When Alexandra Recreation Ground was first laid out this part of Penge was still being developed, with tracts of open land to the east of the main centre of population adjacent to the railway line. Penge became popular after Crystal Palace opened, bringing visitors to the area. When it first opened the park was reached via a roadway between two large properties, now Studland Road, that led to the main area of the park. It consisted of an oval open space with a main perimeter paths flanked by trees and other paths within areas of planting in the corners, with a pavilion on the east side and in the south a granite drinking fountain. This was erected in 1891 by the Metropolitan Drinking Fountain and Cattle Trough Association, but it appears to have been moved from Beckenham Railway Station. A pond in the south-east corner of the park appears on earlier maps when the area was fields.
By the early C20th an additional area was laid out for recreation, previously open land to the south of the original park, bordered by Maitland Road to the west and the newly laid out Alexandra Road to the east. By 1912 maps show that a central bandstand was located in this part of the park and by the early 1930s there were tennis courts in the north, with later maps showing a formally laid out garden south of the courts. By the 1930s the southern end of the original park had a bowling green with pavilion, toilets, and a bandstand on the former site of the pond, and by the 1940s a paddling pool had been added. Cricket was a popular sport played in the park.

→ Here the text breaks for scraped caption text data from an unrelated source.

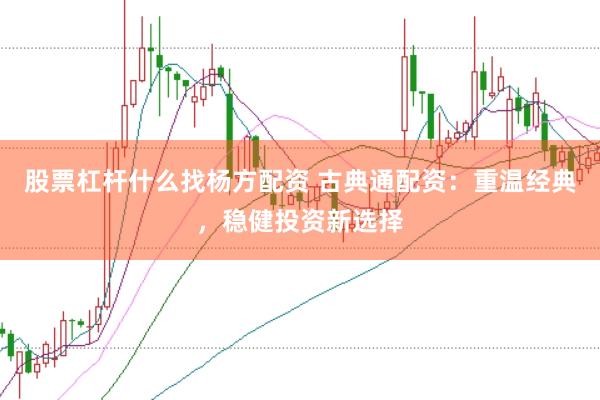 股票杠杆什么找杨方配资 古典通配资：重温经典，稳健投资新选择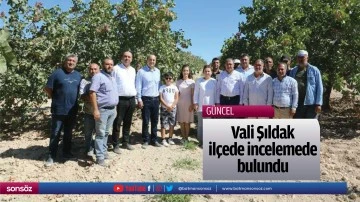 Vali Şıldak il&ccedil;ede incelemede bulundu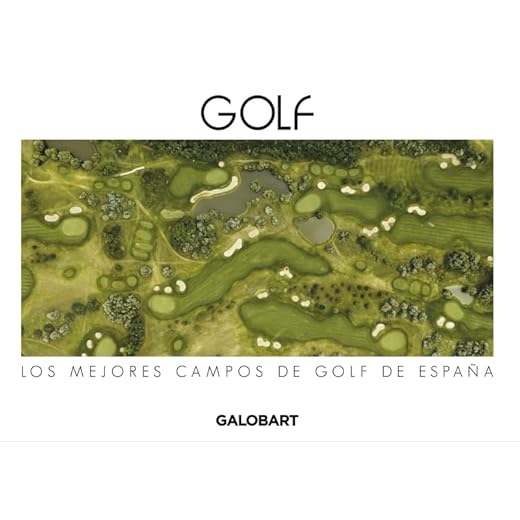 LOS MEJORES CAMPOS DE GOLF DE ESPAÑA (ILUSTRADO)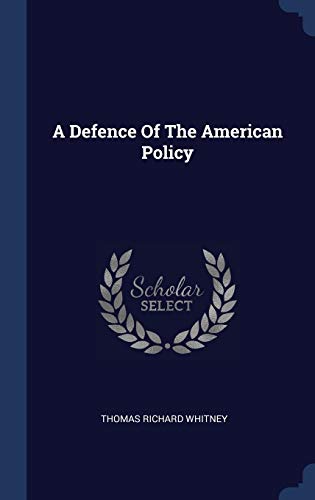 9781340581657: A Defence Of The American Policy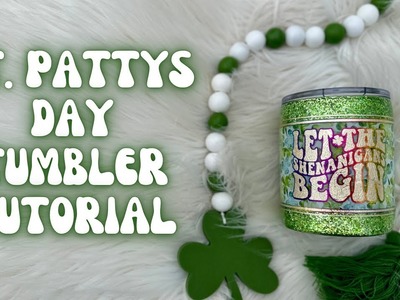 St. Patrick’s Day Tumbler Tutorial
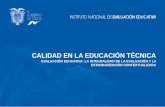 New CALIDAD EN LA EDUCACIÓN TÉCNICA · 2018. 12. 19. · 1. Piloto de evaluación que permita evidenciar los aprendizajes de los estudiante conforme a su perfil profesional lineado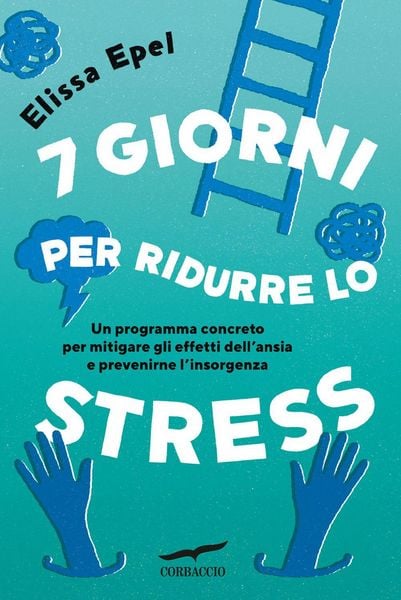 Produktbild: 7 giorni per ridurre lo stress. Un programma concreto per mitigare gli effetti dell'ansia e prevenirne l'insorgenza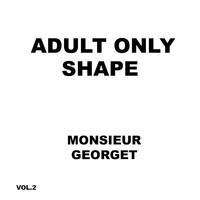 Monsieur Georget - Adult Only Shape Vol 2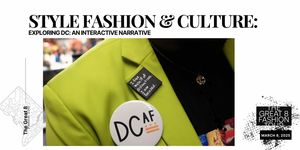 Style Fashion & Culture: A D.C. Narrative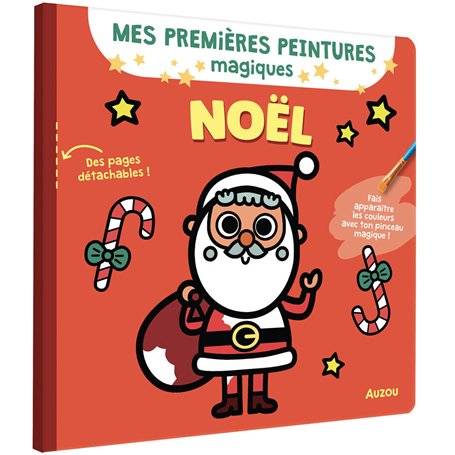 MES PREMIERS COLORIAGES - PEINTURES MAGIQUES NOEL
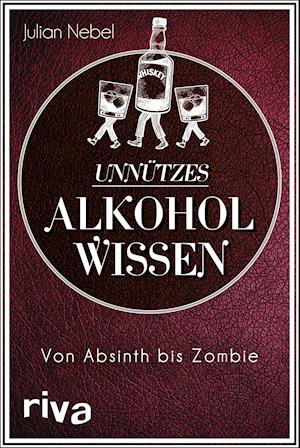 Unnützes Alkoholwissen - Nebel - Books -  - 9783742314628 - 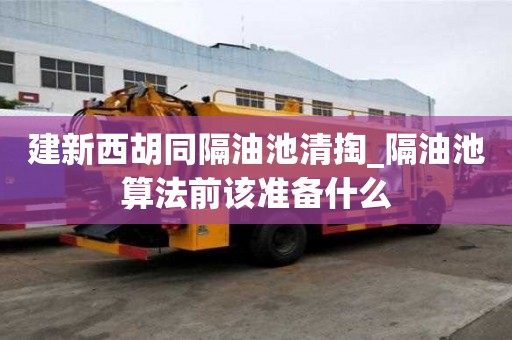 建新西胡同隔油池清掏_隔油池算法前该准备什么
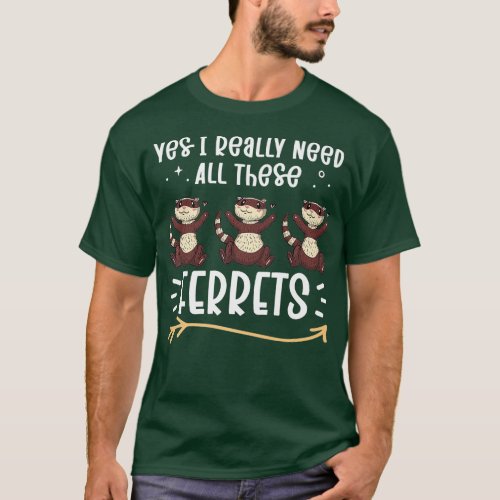 Yes I Really Need All these Ferrets    1  T_Shirt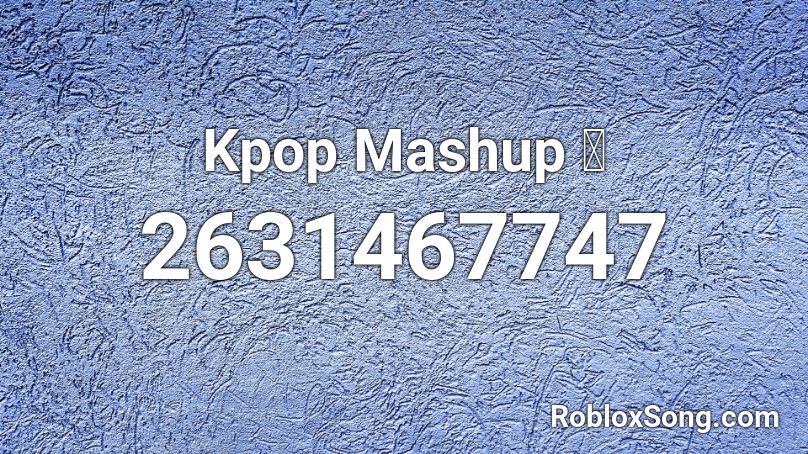 Kpop Mashup 2018 Not The Full Version Roblox Id Roblox Music Codes - kpop roblox codes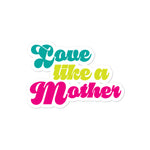 Love Like A Mother Bubble-free sticker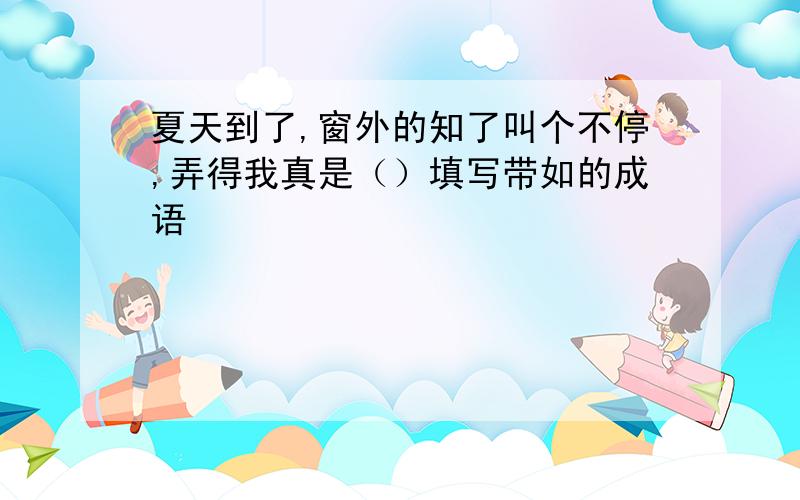 夏天到了,窗外的知了叫个不停,弄得我真是（）填写带如的成语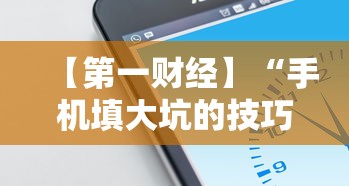 【第一财经】“手机填大坑的技巧口诀”详细开挂玩法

Today Alexandra Recreation Ground is an area of relatively level grass with a children’s play area at the southern end, a bowling green to the east, a children’s paddling pool to the west and playing fields to the north. Residential housing, partly screened by shrubs and trees on the boundary, surrounds the site. There are mature trees along the western boundary with Maitland Road, and others decorate the park and the children’s play area, which is enclosed within iron railings. Tarmac paths run around the perimeter, these connect the park with the Green Chain path system. A finger post to the south of the bowling green indicates Cator Park (q.v.) 1 mile; Beckenham Place (q.v.) 3 miles; Thamesmead Riverside (q.v.) 16.5 miles to the east and Crystal Palace Park (q.v.) 1.25 miles to the west. The main entrance is in Alexandra Road. The Friends of Cator Park and Alexandra Recreation Ground were established in 2008 to encourage better care of both parks, and organise a variety of activities.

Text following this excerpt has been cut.